What you should do:
Both the line containing "[Combo] Samsung Galaxy" and the line containing "SOU・SOU 430ml 日式花紋陶瓷保鮮碗 M|收納罐 密封保鮮盒 食物保存盒" belong to the span. Output exactly that span from the listing below, and nothing outside it.

Source data:
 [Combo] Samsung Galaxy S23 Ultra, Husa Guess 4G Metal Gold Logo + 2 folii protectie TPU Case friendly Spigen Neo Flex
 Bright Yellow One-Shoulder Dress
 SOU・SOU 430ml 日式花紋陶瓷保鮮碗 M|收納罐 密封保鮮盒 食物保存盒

---

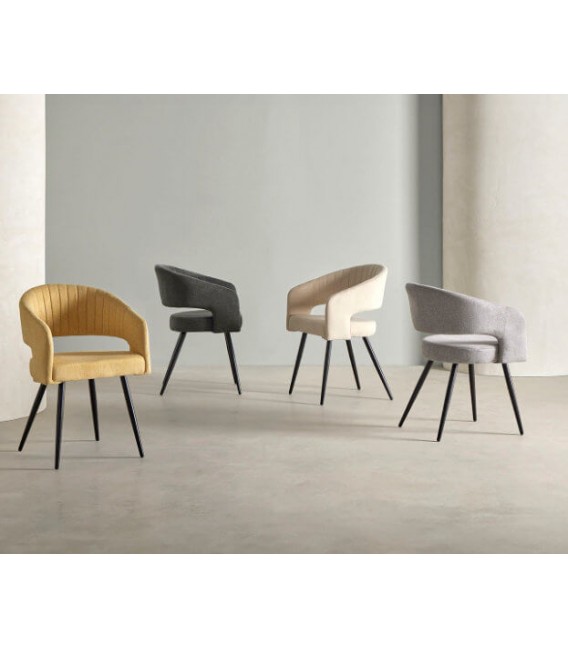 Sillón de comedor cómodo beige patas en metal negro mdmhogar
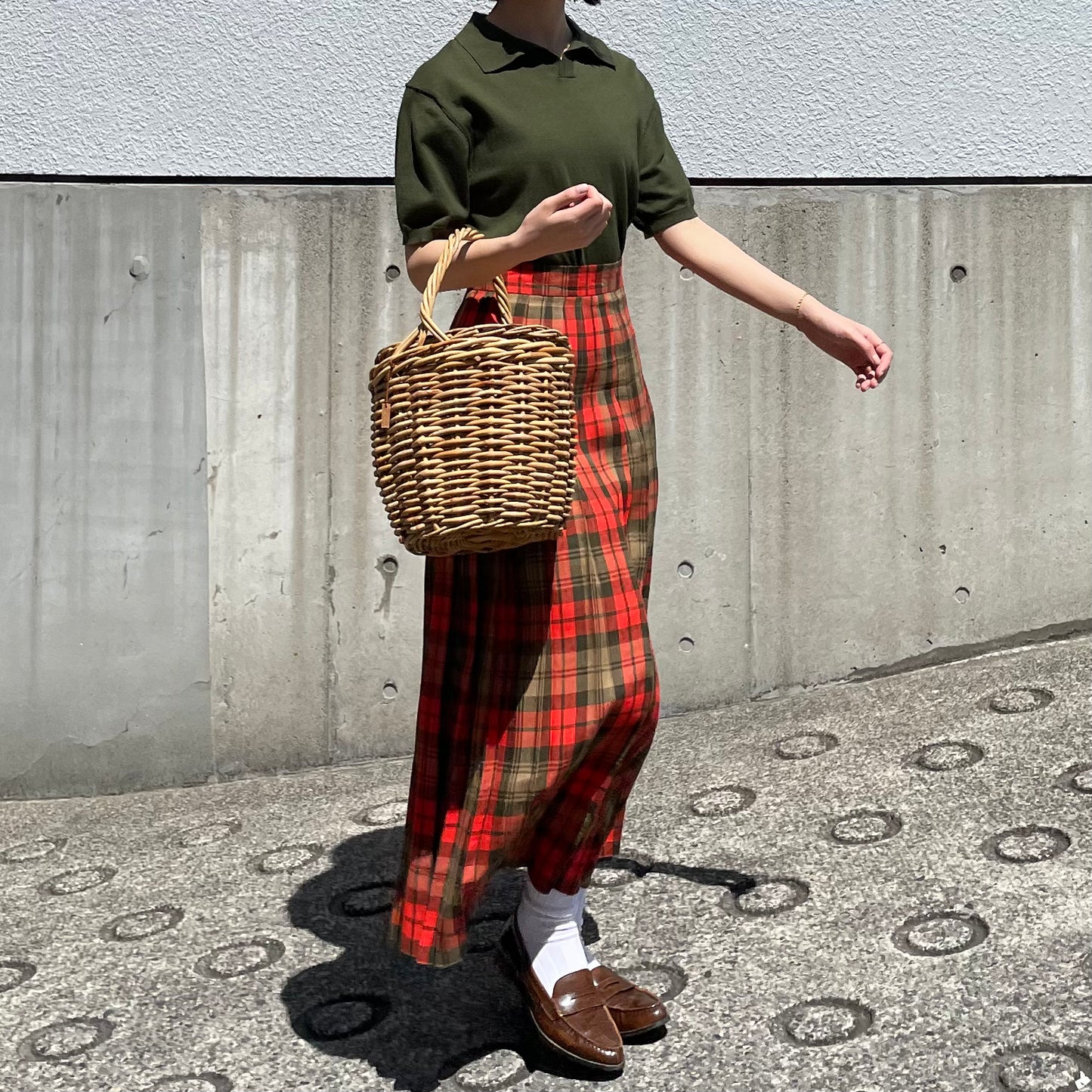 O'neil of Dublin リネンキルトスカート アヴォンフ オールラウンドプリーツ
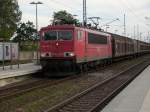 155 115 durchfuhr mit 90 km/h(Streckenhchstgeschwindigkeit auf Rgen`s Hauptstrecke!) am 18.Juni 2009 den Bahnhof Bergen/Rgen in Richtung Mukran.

--

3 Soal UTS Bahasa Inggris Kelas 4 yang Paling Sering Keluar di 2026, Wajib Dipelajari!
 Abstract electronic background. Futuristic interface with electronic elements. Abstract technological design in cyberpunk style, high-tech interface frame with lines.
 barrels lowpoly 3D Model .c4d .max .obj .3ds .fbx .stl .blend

Output below:
 [Combo] Samsung Galaxy S23 Ultra, Husa Guess 4G Metal Gold Logo + 2 folii protectie TPU Case friendly Spigen Neo Flex
 Bright Yellow One-Shoulder Dress
 SOU・SOU 430ml 日式花紋陶瓷保鮮碗 M|收納罐 密封保鮮盒 食物保存盒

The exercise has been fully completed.